Look through the data below and output, unchanged, every line from the one holding "Una Landing Craft" through the one holding "Tacones de cuero", inclusive. Skip the pictures.

Given data:
---

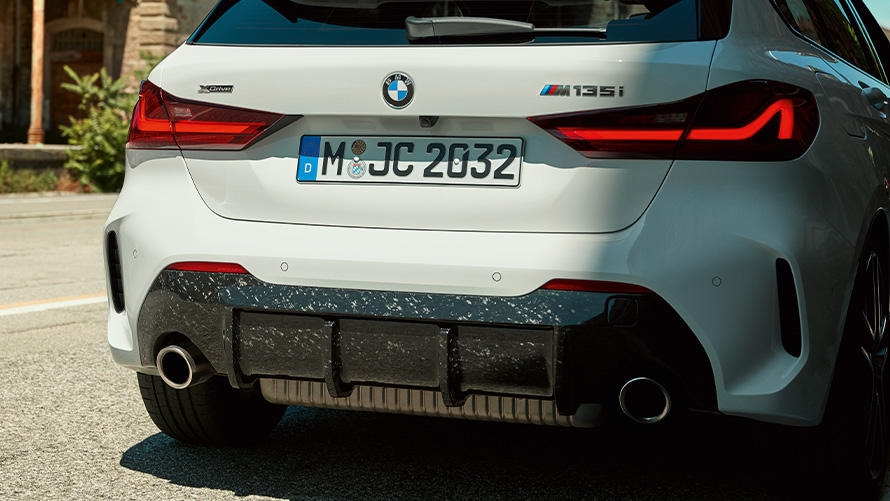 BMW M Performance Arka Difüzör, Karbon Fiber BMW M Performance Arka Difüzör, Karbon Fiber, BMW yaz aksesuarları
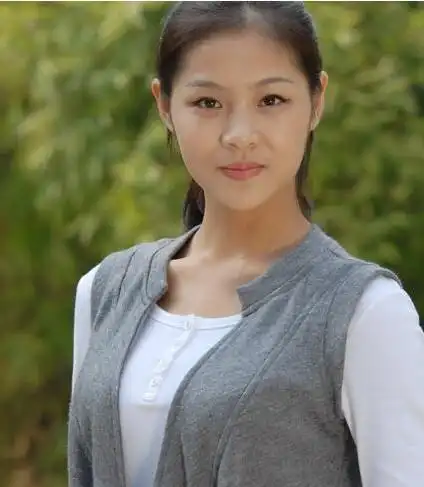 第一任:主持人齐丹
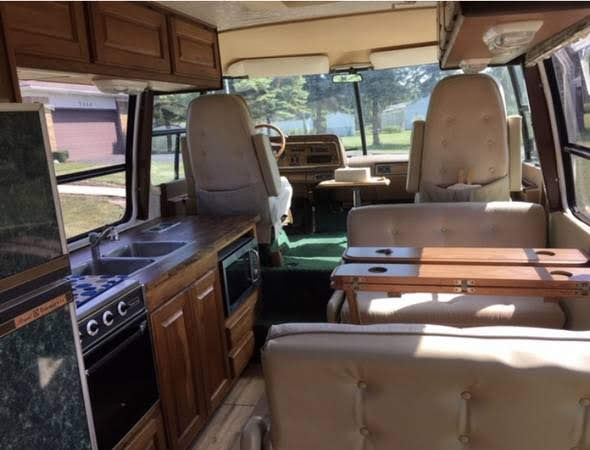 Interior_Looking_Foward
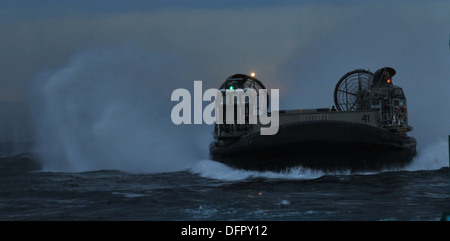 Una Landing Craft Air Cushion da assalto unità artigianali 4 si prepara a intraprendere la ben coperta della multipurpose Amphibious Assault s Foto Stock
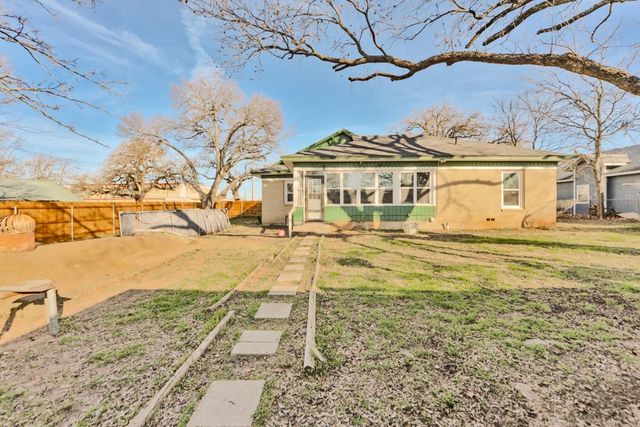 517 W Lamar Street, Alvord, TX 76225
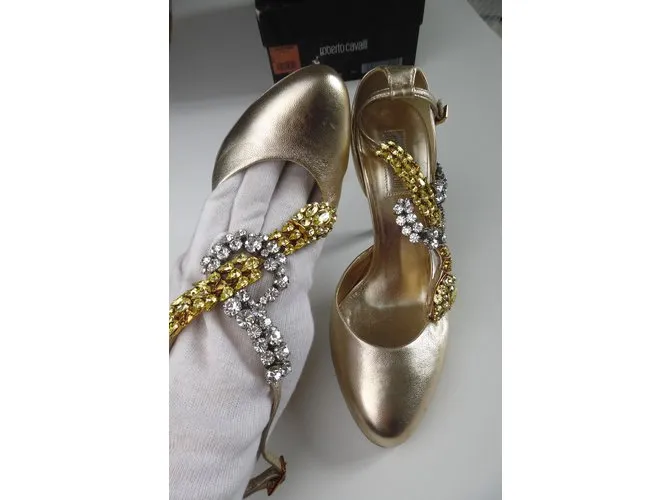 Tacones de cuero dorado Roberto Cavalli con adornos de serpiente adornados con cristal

---

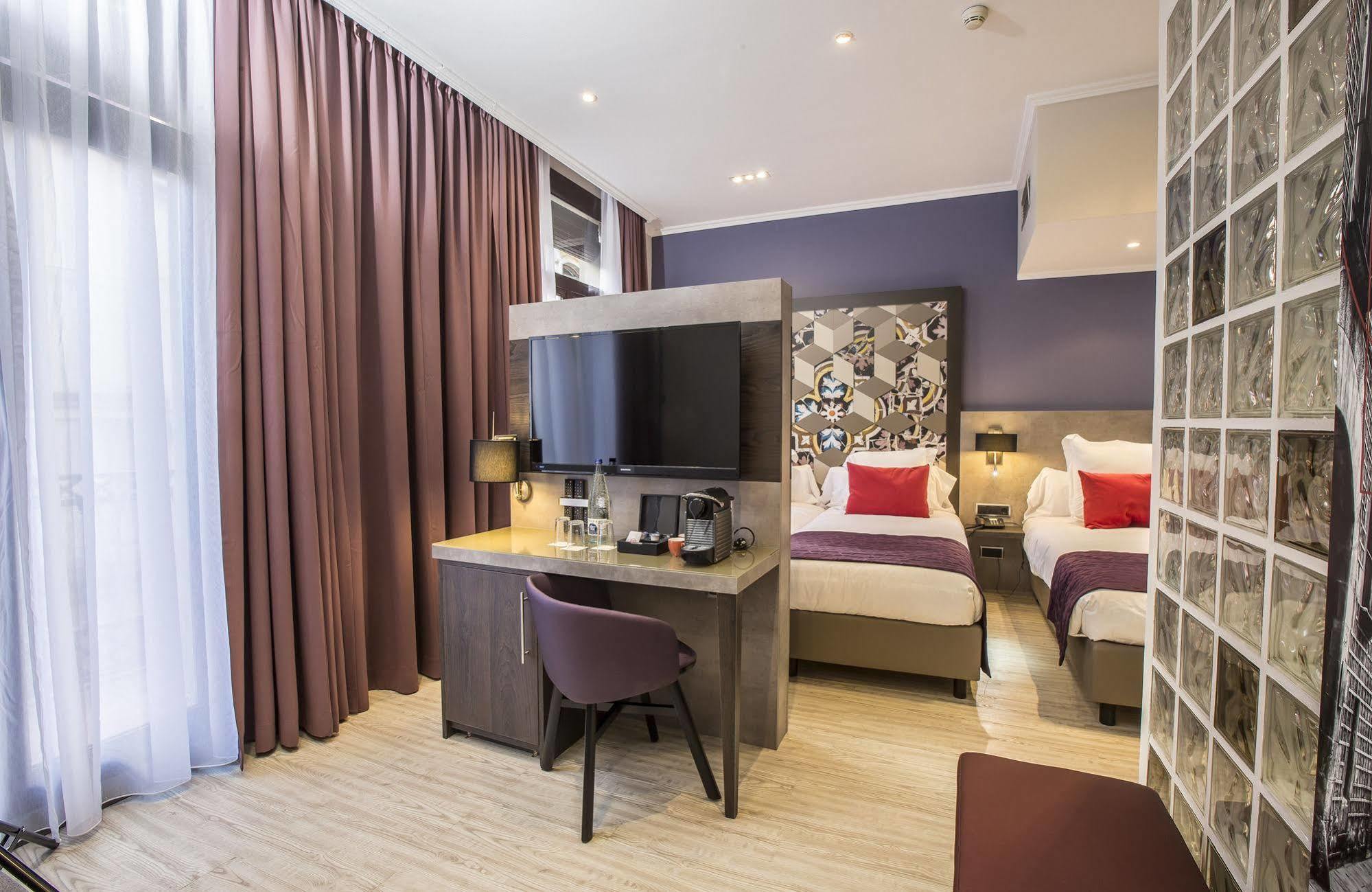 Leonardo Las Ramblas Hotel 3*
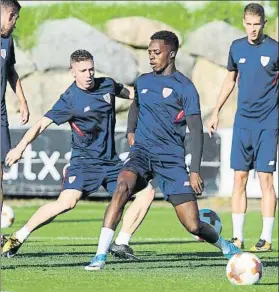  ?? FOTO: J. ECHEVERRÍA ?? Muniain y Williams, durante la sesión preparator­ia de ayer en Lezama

---

Solution:
 Una Landing Craft Air Cushion da assalto unità artigianali 4 si prepara a intraprendere la ben coperta della multipurpose Amphibious Assault s Foto Stock
 517 W Lamar Street, Alvord, TX 76225
 Tacones de cuero dorado Roberto Cavalli con adornos de serpiente adornados con cristal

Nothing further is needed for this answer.